TASK OBJECTIVE »
Starting at the line that contains "KIA SOUL 2016", print each line exactly through the end of the listing. Skip any pictures and add nothing.

GIVEN RECORDS »
:::
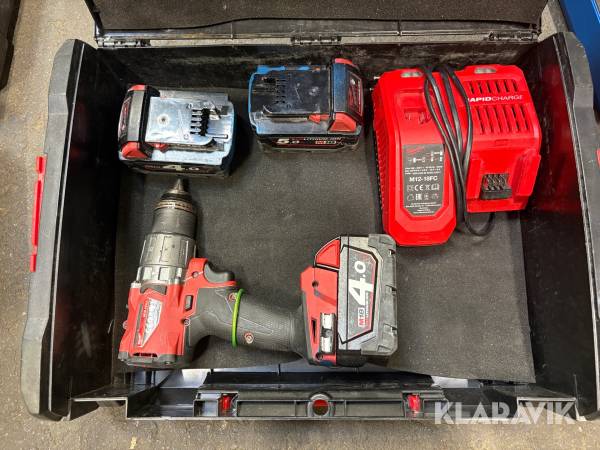Skruvdragare Milwuakee Fuel M18 FPD2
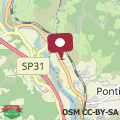 Map Villa Olga - Lunigiana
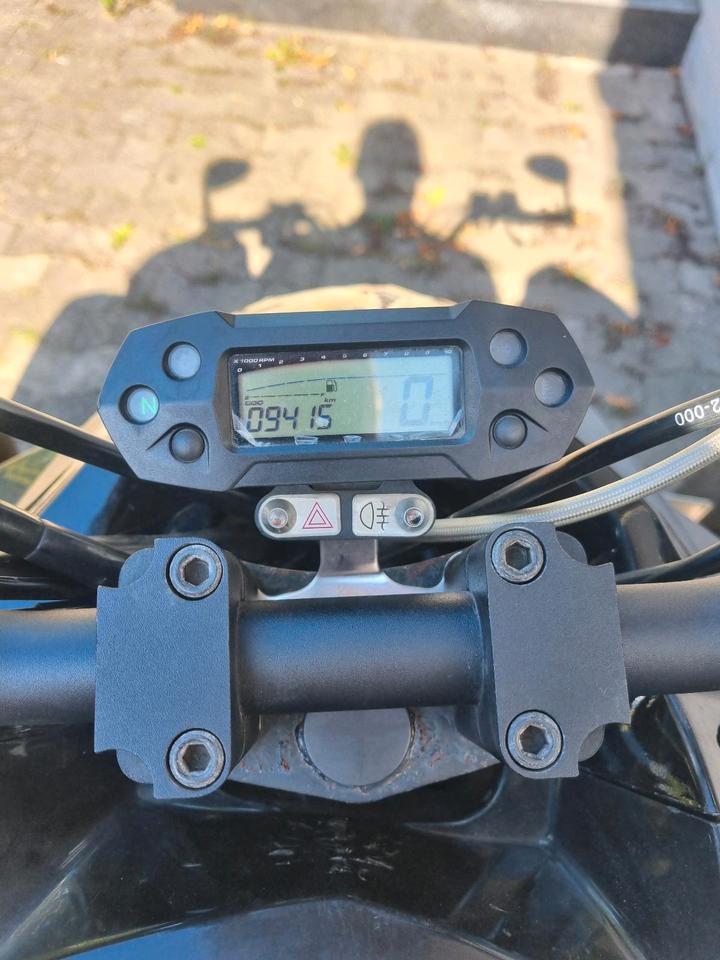 Weitere Motorräder Triton 450 LOF Black Lizard Access 2012 — photo 8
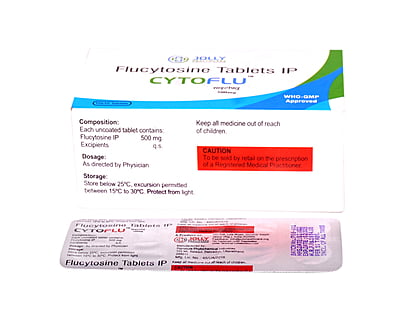Cytoflu (Flucytosine 500)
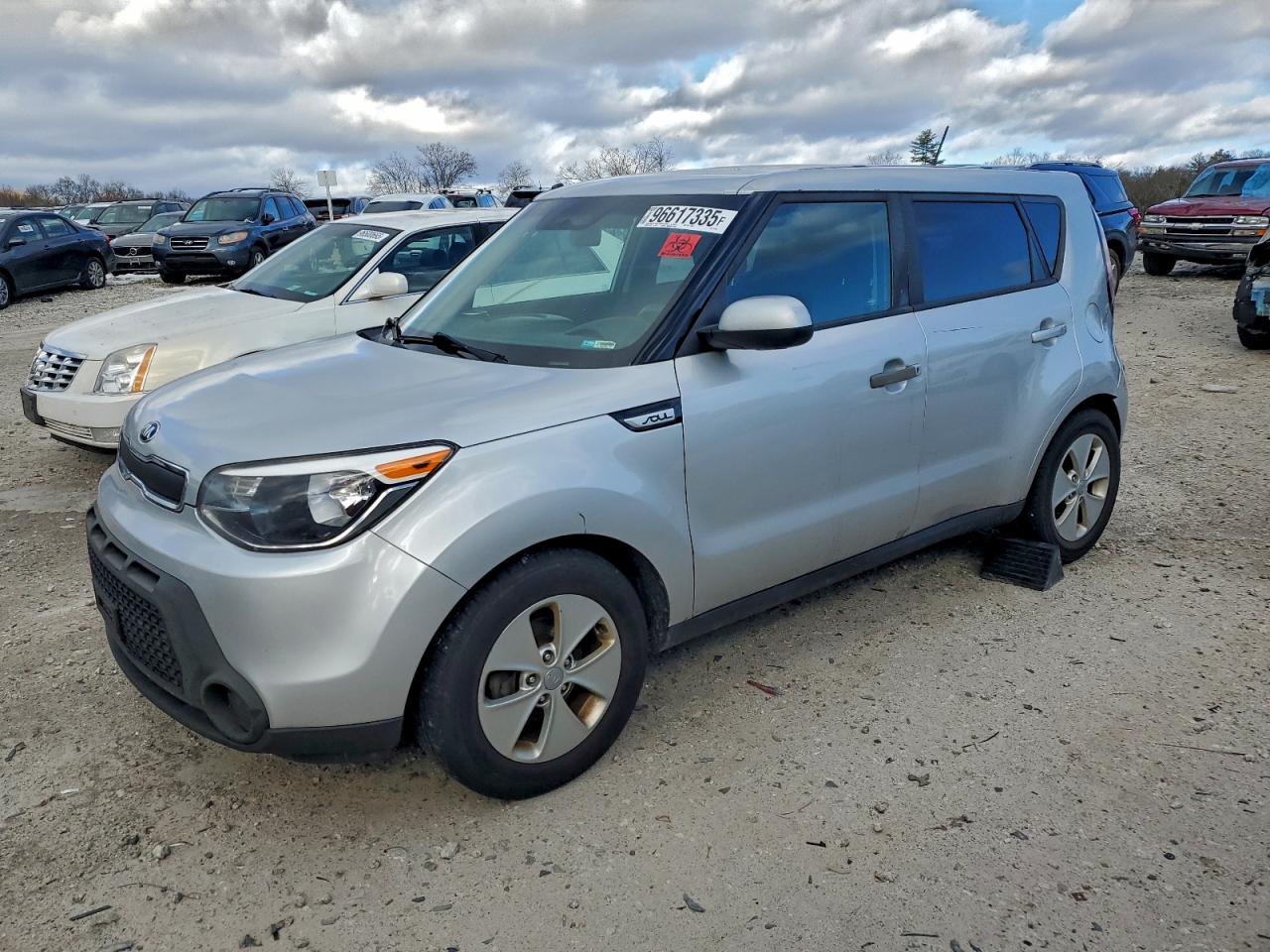 KIA SOUL 2016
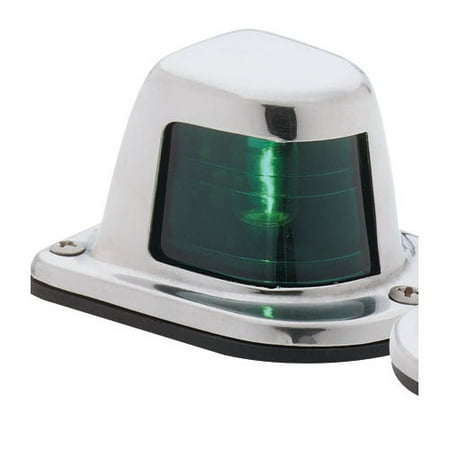 - Attwood Side Lights Deck Mount, Stainless Steel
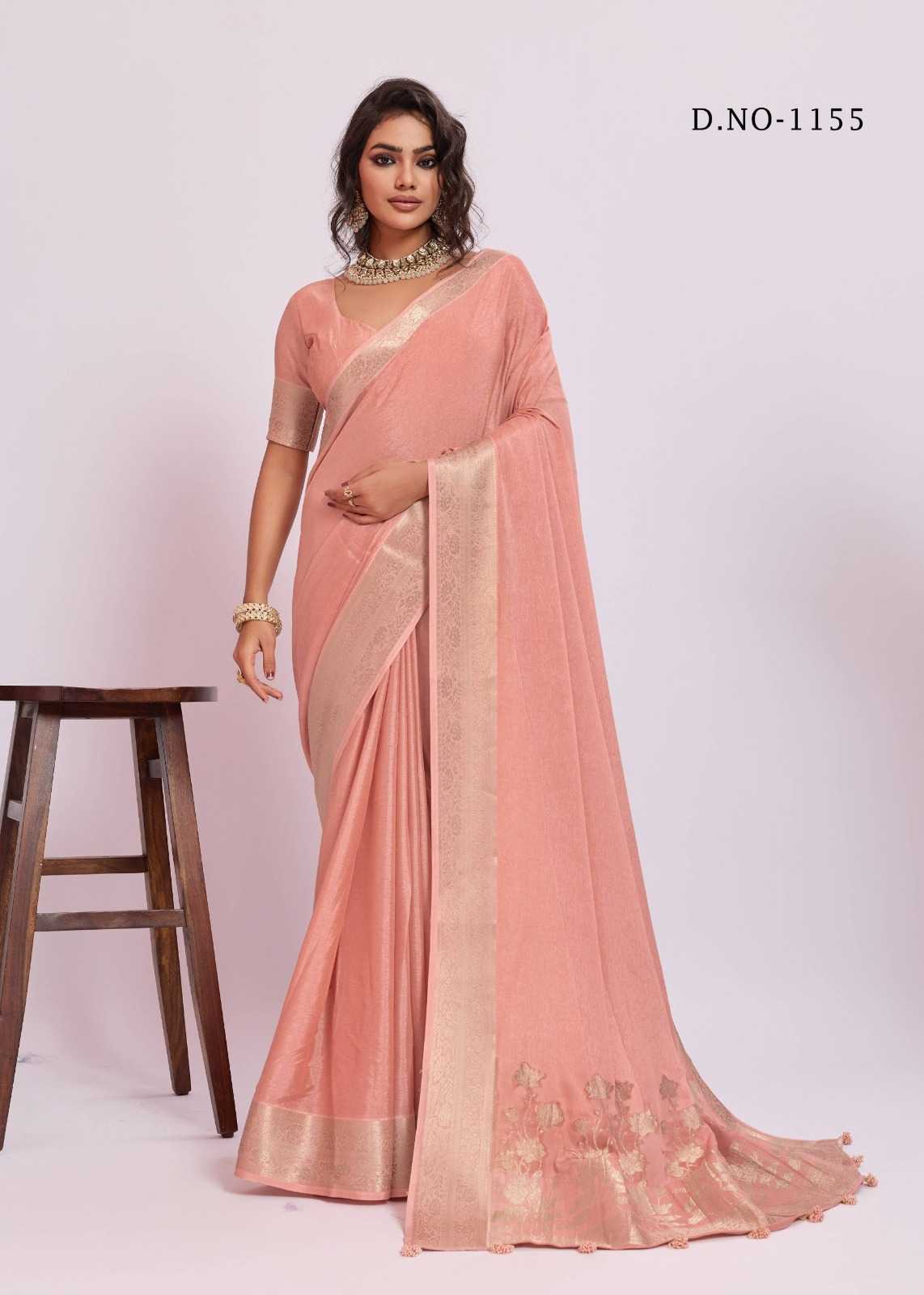 YNF Wholesale Chinon Designer Sarees KESH514 APSARA | Surat Manufacturer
:::
PROBLEM SOLUTION »
 KIA SOUL 2016
 - Attwood Side Lights Deck Mount, Stainless Steel
 YNF Wholesale Chinon Designer Sarees KESH514 APSARA | Surat Manufacturer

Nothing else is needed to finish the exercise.